## THE TASK
Starting with the line with "Nunbell Köpek Oyuncağı Diş İpi Zilli - 3" in the entries below and going on through the line with "Mandalas Para Colorear", output every line exactly and nothing more. No pictures.
** Opening PROVIDED DATA block **
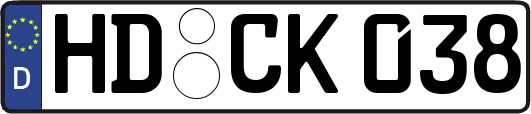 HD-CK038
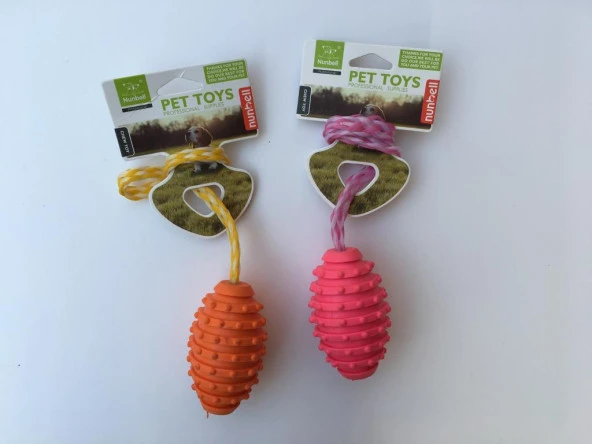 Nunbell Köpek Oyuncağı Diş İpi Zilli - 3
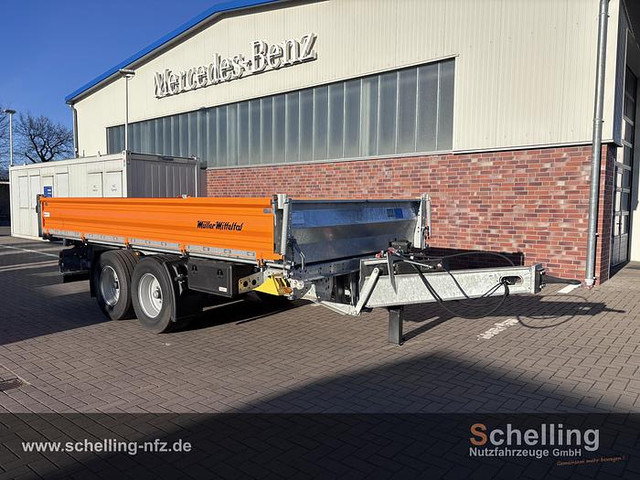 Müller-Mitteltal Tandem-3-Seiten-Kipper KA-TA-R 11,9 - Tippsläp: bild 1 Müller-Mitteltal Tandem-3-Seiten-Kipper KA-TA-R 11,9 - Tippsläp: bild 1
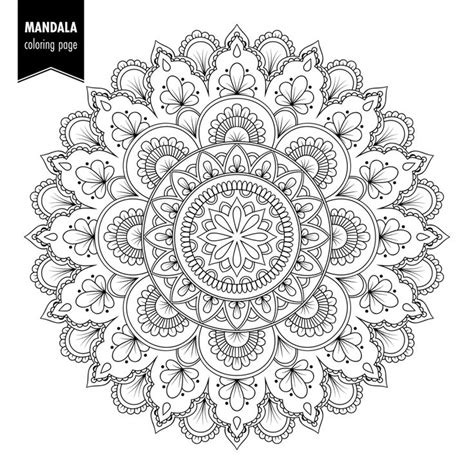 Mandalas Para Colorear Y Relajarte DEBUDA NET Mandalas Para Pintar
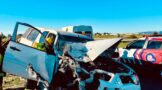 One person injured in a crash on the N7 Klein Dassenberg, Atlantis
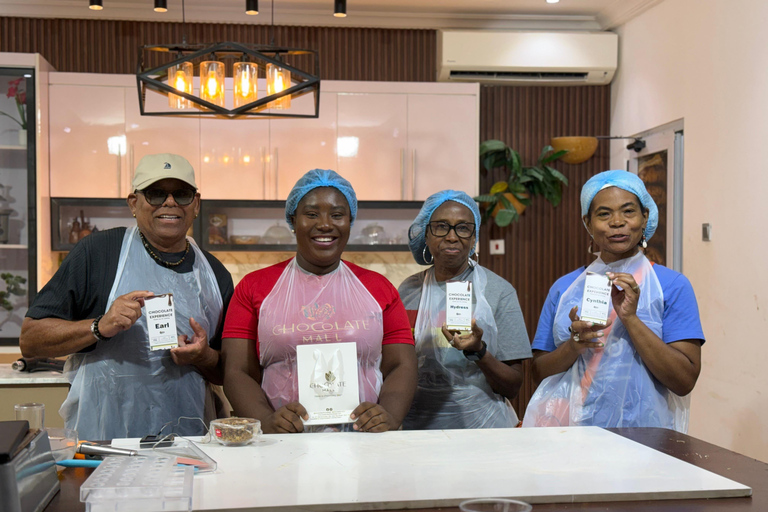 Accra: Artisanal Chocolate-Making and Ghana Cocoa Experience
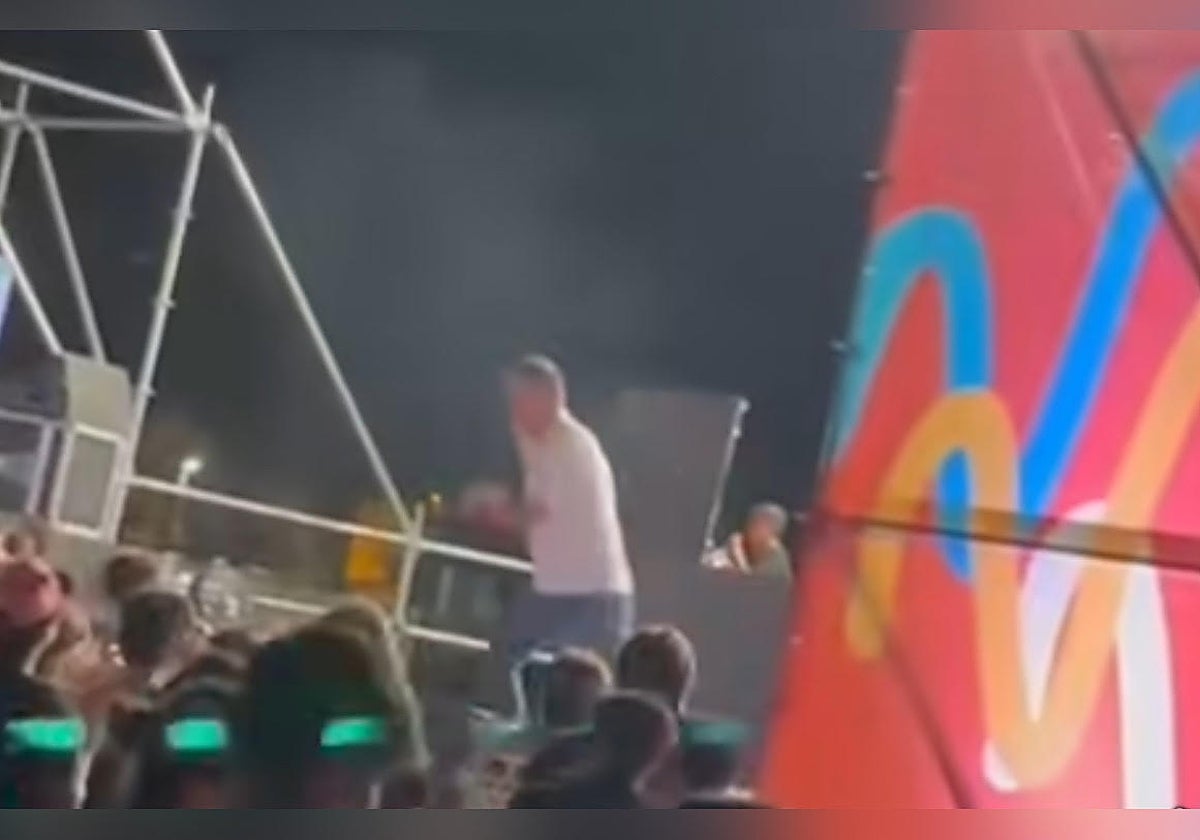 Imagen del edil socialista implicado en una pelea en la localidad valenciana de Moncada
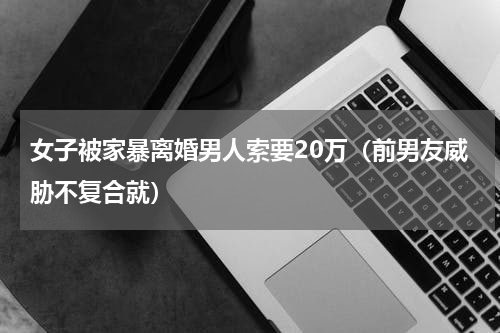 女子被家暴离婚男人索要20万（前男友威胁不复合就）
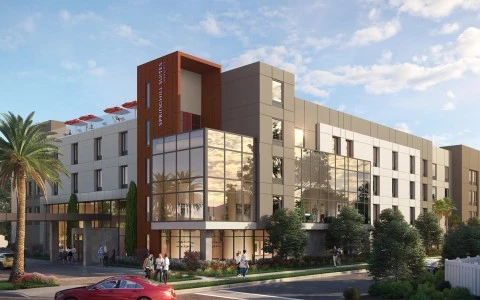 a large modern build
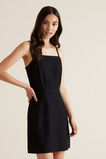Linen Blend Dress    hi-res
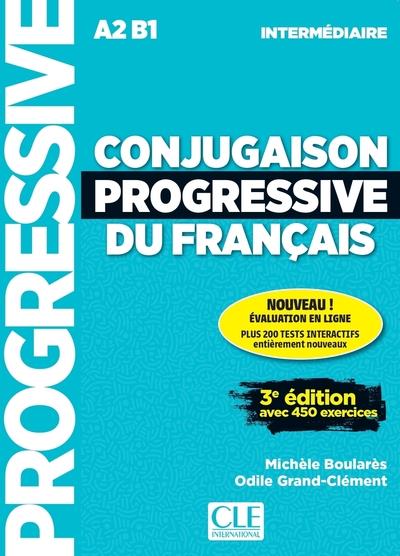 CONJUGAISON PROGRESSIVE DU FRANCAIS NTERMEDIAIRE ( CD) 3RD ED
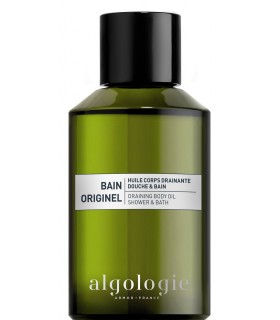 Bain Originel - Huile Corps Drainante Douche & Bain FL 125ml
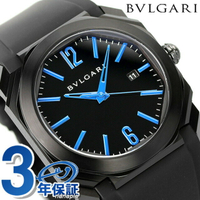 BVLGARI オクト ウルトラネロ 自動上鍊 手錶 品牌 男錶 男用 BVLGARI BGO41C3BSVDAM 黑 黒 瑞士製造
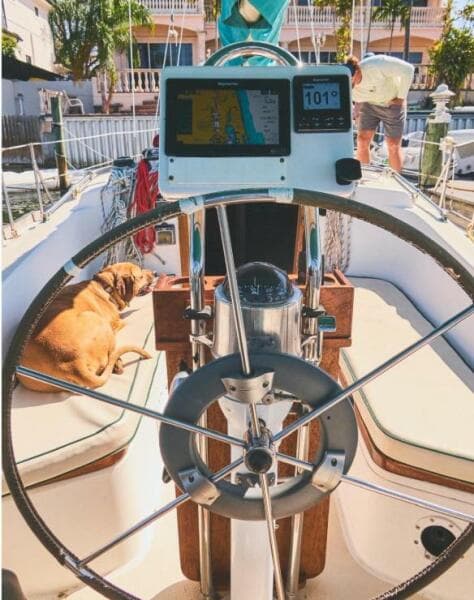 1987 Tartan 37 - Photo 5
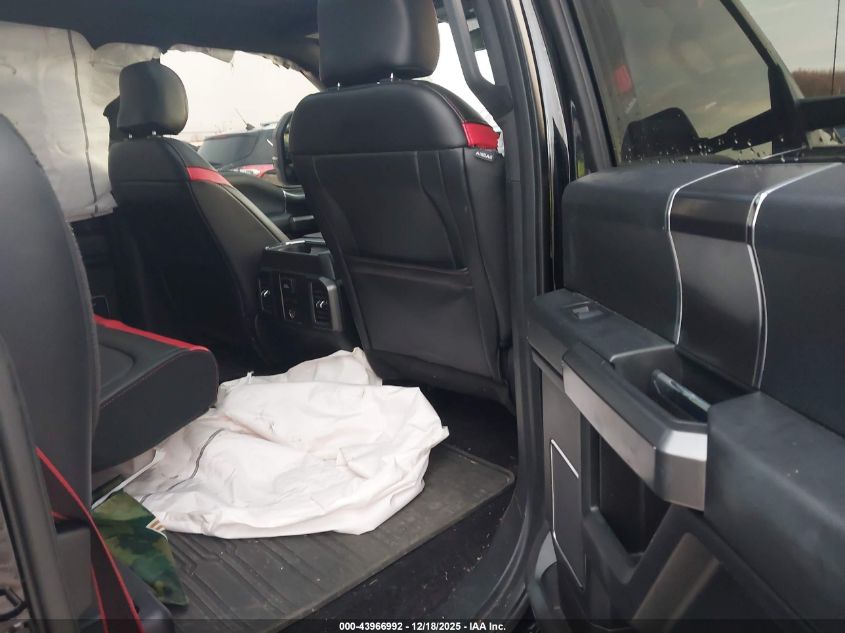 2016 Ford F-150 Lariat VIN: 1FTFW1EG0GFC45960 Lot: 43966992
** Closing PROVIDED DATA block **
** Opening PROVIDED DATA block **
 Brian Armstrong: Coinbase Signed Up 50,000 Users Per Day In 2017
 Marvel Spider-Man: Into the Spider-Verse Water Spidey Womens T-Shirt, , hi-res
** Closing PROVIDED DATA block **
## RESPONSE
 Nunbell Köpek Oyuncağı Diş İpi Zilli - 3
 Müller-Mitteltal Tandem-3-Seiten-Kipper KA-TA-R 11,9 - Tippsläp: bild 1 Müller-Mitteltal Tandem-3-Seiten-Kipper KA-TA-R 11,9 - Tippsläp: bild 1
 Mandalas Para Colorear Y Relajarte DEBUDA NET Mandalas Para Pintar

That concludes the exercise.